Identify and troubleshoot an interface that has a problem with NPM

By default, devices monitored by NPM are polled for data every nine minutes. It might take some time before all the nodes you added have data you can review.

Step 1: Determine there is a problem

In the topic Identify and troubleshoot a node that has a problem with NPM, alerts are triggered when a node goes down. Alerts can also be triggered when an interface has a problem, such as high utilization or the interface going down.

The Nodes with Problems widget provides information about the interfaces associated with each node. A square in the bottom-right corner of the node icon indicates that the node has an interface with a problem:

- In this example, a red square indicates that one or more interfaces are down.

- In this example, a gray square indicates that the status of one or more interfaces is unknown.

In your environment, you might not have any down interfaces. To find an interface with issues that need to be investigated, click My Dashboards > Network > Network Top 10 to open the Network Top 10 view. Review the following widgets on this page.

Top 10 Interfaces by Percent Utilization

This widget shows the interface’s transmit and receive utilization as a percent of total interface speed. By default, utilization rates from 70 - 90% are yellow (warning), and utilization over 90% is red (danger). These thresholds are configurable.

Any interface with high utilization deserves more investigation.

Top 10 Interfaces by Traffic

This widget shows how much actual traffic is on an interface. Usually, WAN interfaces will be on this list because of the volume of traffic they process.

Top 10 Errors & Discards Today

This widget shows:

  • Errors: A packet that was received but could not be processed because there was a problem with the packet.

  • Discards: A packet that was received without errors but was dropped, usually because interface utilization is near 100%.


Step 2: Get more details about the interface

If an interface is down (red), that generally means there is no connection:

  1. Check the parent device to ensure it is operating.
  2. Check the cable for physical connectivity problems.

When you have found an interface with a problem (or, if all your interfaces are healthy, an interface with high utilization, errors, or discards), troubleshoot the issue:

  • Click the interface name in any widget. The Interface Details page opens.

  • Check the Percent Utilization widget for the last-polled value of transmit and receive utilization. If those values are high, you can also check the Percent Utilization – Line Chart to see the duration of the problem.

  • The Interface Downtime widget displays the interface status for the last 24 hours. If the interface status changed, you can see it in this widget. In the following example, the interface had one period when its status was unknown during the last 24 hours, but it is currently up.

  • The Interface Errors & Discards widget can also indicate problems.
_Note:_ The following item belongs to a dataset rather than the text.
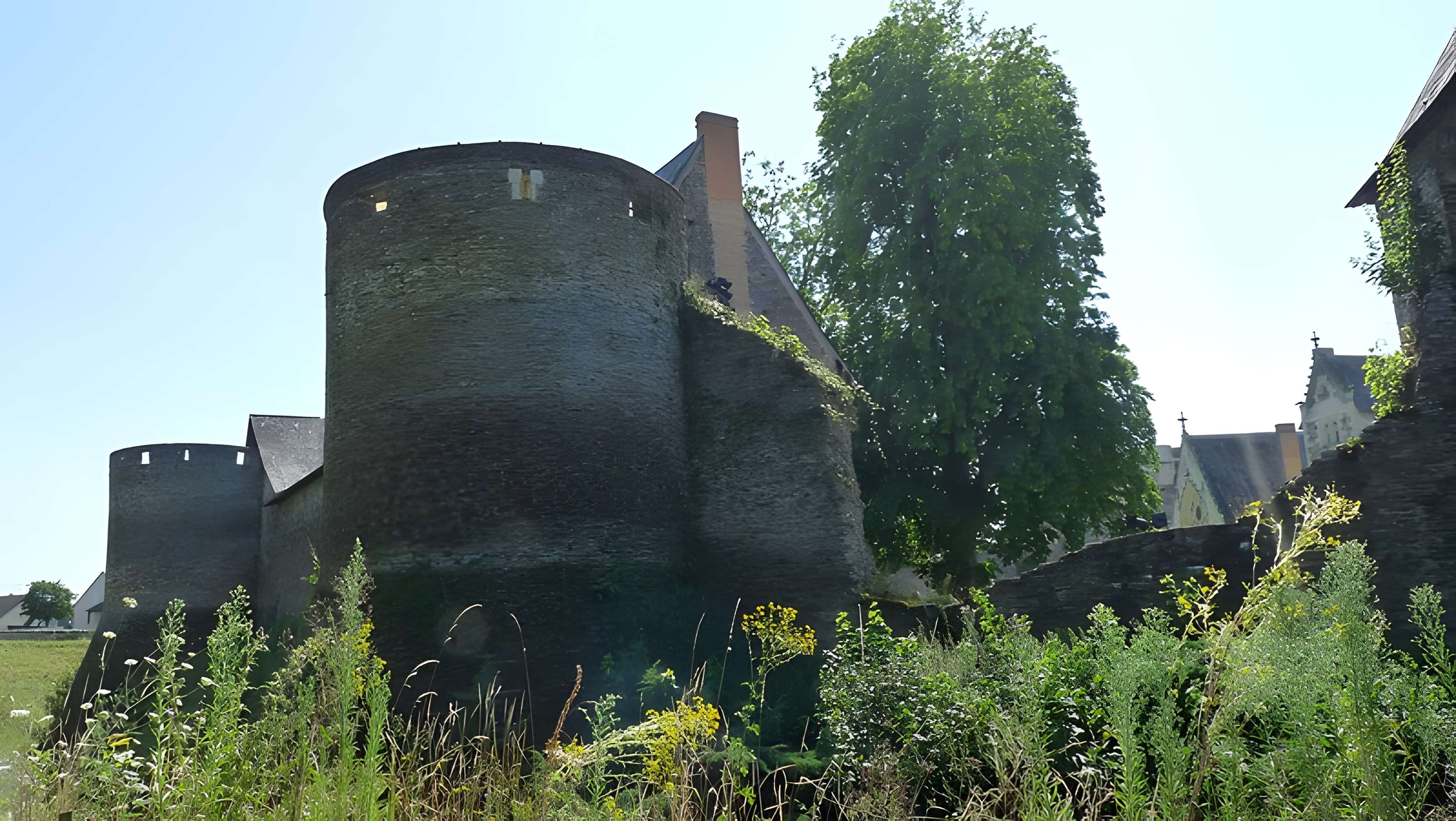 Château du Plessis-Macé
Since this device has high discards, and high discards are generally caused by a full buffer, check the Node Details for this device and determine if the buffer is full.

Step 3: Get more details about the problem

The Node Details page can help you diagnose an interface problem. Click the node name at the top of the Interface Details page to open the Node Details page.

Examine the following widgets.

Min/Max/Average Response Time & Packet Loss

This widget shows the average load on the CPU for this node. In this case, the load spiked dramatically around 1:30 PM, which warrants further investigation.

Network Latency & Packet Loss

This widget shows the latency (response time) and packet loss for the entire node. A spike in response time occurred at the same time as the spike in the average CPU load (shown above), implying correlation between the events.

These widgets indicate an unknown increase in traffic that occurred at approximately 1:30 PM, leading to higher interface utilization, CPU load, and dropped packets. Values are not yet critical and no alerts have been triggered, and so it might not be a concern, but if you wanted to continue troubleshooting, you could perform the following actions:

  • Determine if there were any configuration changes around that time. If you have Network Configuration Manager, you can use it to look up configuration changes.
  • If you are monitoring traffic (for example, with NetFlow Traffic Analyzer), explore the cause of the traffic spike.